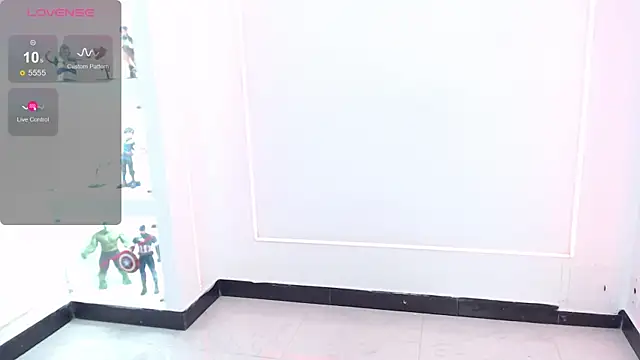 MaxineDoll webcam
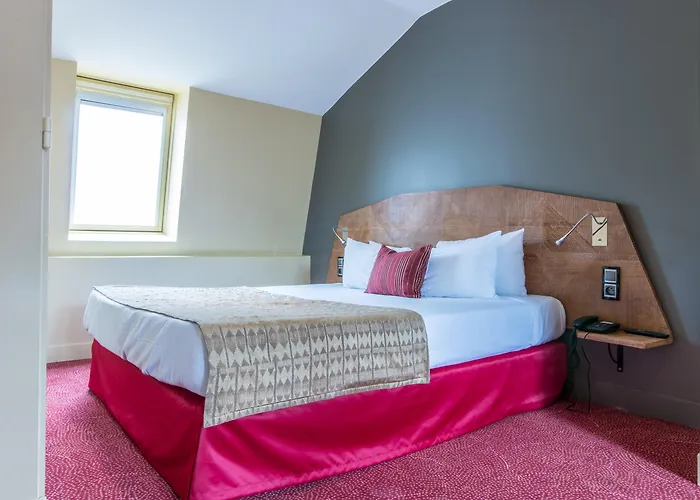 Posy By Happyculture 4*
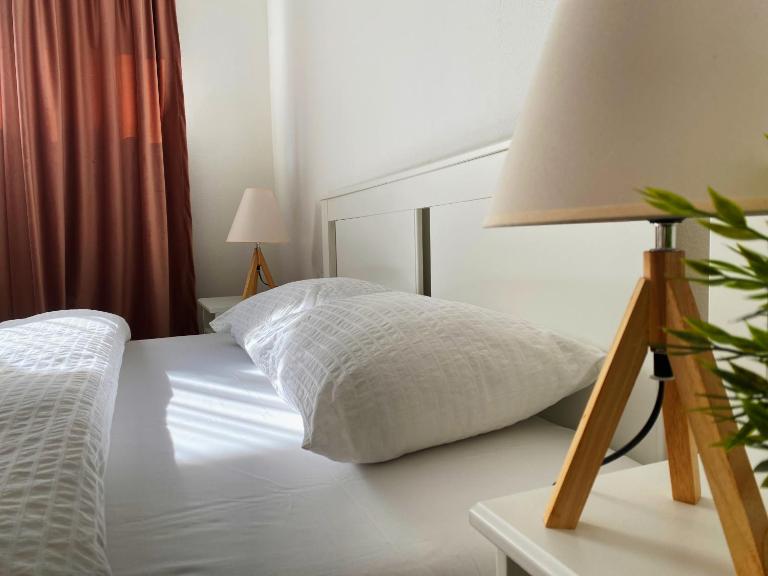 Petra Aparthotel la Poarta Schei BV - Bed and Breakfast Braşov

*-*-*

Give back the material above exactly, but without its images.

Result of this exercise
 MaxineDoll webcam
 Posy By Happyculture 4*
 Petra Aparthotel la Poarta Schei BV - Bed and Breakfast Braşov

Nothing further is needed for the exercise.